Kyle McKinstry (born 26 August 1986) is a Northern Irish professional darts player who is currently serving an eight-year ban from the sport after admitting to match fixing in 2020.

Career

In 2017, McKinstry won the Hal Masters and the Northern Ireland Open. He qualified for the 2018 BDO World Darts Championship as number 17 in the BDO rankings, but he lost 3–2 to Richard Veenstra in the first round.

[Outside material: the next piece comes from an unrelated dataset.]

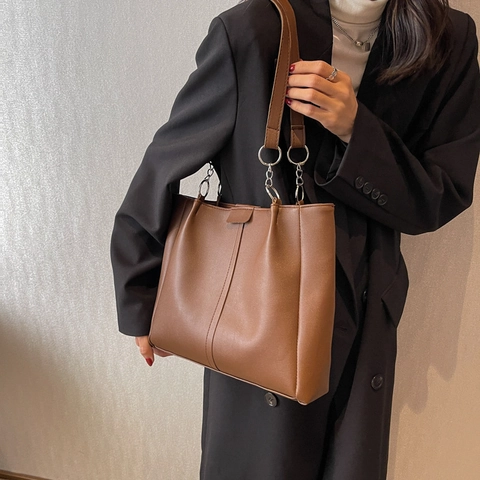 Grand Sac Fourre-tout en Cuir PU pour Femmes Sac à Bandoulière de Navette Minimaliste Urbain Avec Boucle Magnétique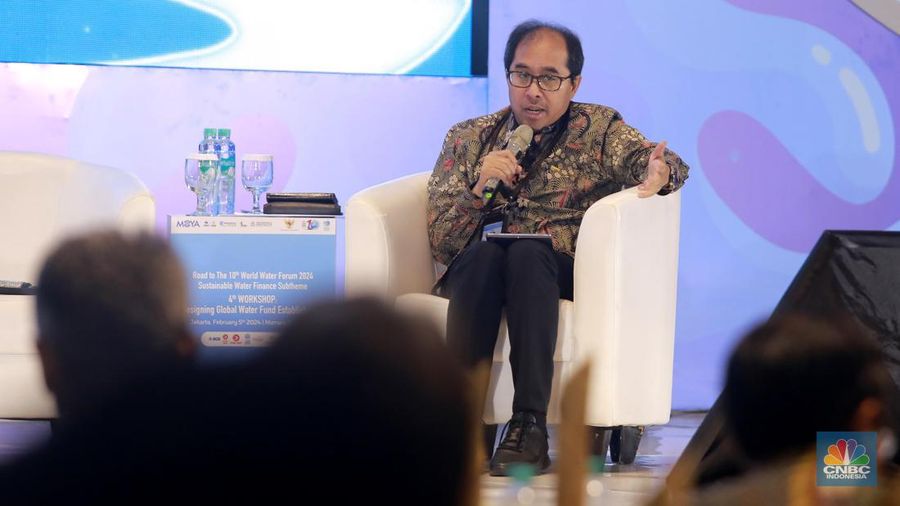 Staf Khusus (Stafsus) Menteri PUPR Bidang Sumber Daya Air Firdaus Ali memberi pemaparan di acara Road to 10th World Water Forum di menara Danareksa, Jakarta, Senin, (5/2/2024). (CNBC Indonesia/Muhammad Sabki)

The following year, he qualified for the tournament once again, and has beaten Chris Landman 3–2 in the first round, David Cameron 4–3 in the second round and losing to Glen Durrant 5–2 in the Quarter Finals.

In 2020, McKinstry debut of the 2020 UK Open has beaten Fallon Sherrock in the first round, Jason Heaver in the second round, Stephen Burton in the third round, Bradley Brooks in the forth round, Martin Schindler in the fifth round and losing to Dimitri Van den Bergh 10–8 in the Sixth Round. In August 2020, McKinstry and Wessel Nijman were suspended for match-fixing during Modus Live League games. McKinstry was eventually served with an eight-year ban from the sport following the DRA inquiry.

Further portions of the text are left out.